_Source records_.
_ _ _ _

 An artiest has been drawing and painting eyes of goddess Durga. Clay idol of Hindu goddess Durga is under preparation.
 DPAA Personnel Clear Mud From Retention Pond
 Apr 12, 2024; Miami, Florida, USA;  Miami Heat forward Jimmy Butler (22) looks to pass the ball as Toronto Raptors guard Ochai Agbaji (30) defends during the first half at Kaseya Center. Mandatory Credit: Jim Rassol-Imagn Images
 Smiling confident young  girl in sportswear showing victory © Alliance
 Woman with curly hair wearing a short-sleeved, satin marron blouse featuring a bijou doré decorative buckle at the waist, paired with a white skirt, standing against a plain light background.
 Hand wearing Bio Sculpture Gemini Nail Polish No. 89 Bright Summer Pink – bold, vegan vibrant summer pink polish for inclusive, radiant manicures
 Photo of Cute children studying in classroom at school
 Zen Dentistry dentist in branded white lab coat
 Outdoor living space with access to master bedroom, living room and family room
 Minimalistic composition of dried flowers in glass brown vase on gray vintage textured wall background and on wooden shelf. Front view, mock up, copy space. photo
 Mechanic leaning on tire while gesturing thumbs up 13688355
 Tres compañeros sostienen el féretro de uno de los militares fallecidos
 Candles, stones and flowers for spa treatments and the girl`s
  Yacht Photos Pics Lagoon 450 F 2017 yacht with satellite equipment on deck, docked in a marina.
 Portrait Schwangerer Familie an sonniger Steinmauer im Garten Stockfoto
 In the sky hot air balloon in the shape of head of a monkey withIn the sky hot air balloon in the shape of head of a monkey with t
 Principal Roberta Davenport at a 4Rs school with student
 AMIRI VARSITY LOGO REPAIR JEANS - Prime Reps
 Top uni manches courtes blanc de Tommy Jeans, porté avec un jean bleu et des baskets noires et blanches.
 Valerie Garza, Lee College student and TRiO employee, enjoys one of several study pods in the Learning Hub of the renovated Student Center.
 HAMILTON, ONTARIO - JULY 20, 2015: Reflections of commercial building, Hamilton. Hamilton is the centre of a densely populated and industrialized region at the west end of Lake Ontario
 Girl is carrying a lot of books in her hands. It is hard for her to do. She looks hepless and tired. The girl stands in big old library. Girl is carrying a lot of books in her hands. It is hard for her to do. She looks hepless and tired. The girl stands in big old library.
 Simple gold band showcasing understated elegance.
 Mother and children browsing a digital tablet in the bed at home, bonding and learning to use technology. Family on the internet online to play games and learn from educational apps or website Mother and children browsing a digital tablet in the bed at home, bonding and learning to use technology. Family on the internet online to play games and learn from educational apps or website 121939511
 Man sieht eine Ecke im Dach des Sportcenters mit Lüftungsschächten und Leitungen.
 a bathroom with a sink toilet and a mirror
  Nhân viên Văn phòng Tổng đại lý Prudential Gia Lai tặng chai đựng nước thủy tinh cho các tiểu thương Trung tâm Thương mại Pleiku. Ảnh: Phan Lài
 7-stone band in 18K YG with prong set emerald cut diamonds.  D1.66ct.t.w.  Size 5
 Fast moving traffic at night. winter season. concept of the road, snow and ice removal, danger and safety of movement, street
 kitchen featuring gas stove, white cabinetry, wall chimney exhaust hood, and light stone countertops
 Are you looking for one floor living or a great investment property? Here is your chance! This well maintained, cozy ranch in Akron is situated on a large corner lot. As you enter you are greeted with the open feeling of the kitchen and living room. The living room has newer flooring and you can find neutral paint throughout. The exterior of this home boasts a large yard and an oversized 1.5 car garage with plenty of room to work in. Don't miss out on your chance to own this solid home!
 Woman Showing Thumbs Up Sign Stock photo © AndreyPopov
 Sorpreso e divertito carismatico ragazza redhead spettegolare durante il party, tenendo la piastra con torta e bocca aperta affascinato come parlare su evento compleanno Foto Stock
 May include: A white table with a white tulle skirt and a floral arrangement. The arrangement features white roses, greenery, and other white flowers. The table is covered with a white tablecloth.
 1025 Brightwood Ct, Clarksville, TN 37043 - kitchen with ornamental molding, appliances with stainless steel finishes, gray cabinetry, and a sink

_ _ _ _

_PROBLEM STATEMENT_. Your answer should consist only of the lines above between the line holding "Woman with curly" and the line holding "Portrait Schwangerer Familie", inclusive, each transcribed exactly.

_SOLUTION BELOW_.
 Woman with curly hair wearing a short-sleeved, satin marron blouse featuring a bijou doré decorative buckle at the waist, paired with a white skirt, standing against a plain light background.
 Hand wearing Bio Sculpture Gemini Nail Polish No. 89 Bright Summer Pink – bold, vegan vibrant summer pink polish for inclusive, radiant manicures
 Photo of Cute children studying in classroom at school
 Zen Dentistry dentist in branded white lab coat
 Outdoor living space with access to master bedroom, living room and family room
 Minimalistic composition of dried flowers in glass brown vase on gray vintage textured wall background and on wooden shelf. Front view, mock up, copy space. photo
 Mechanic leaning on tire while gesturing thumbs up 13688355
 Tres compañeros sostienen el féretro de uno de los militares fallecidos
 Candles, stones and flowers for spa treatments and the girl`s
  Yacht Photos Pics Lagoon 450 F 2017 yacht with satellite equipment on deck, docked in a marina.
 Portrait Schwangerer Familie an sonniger Steinmauer im Garten Stockfoto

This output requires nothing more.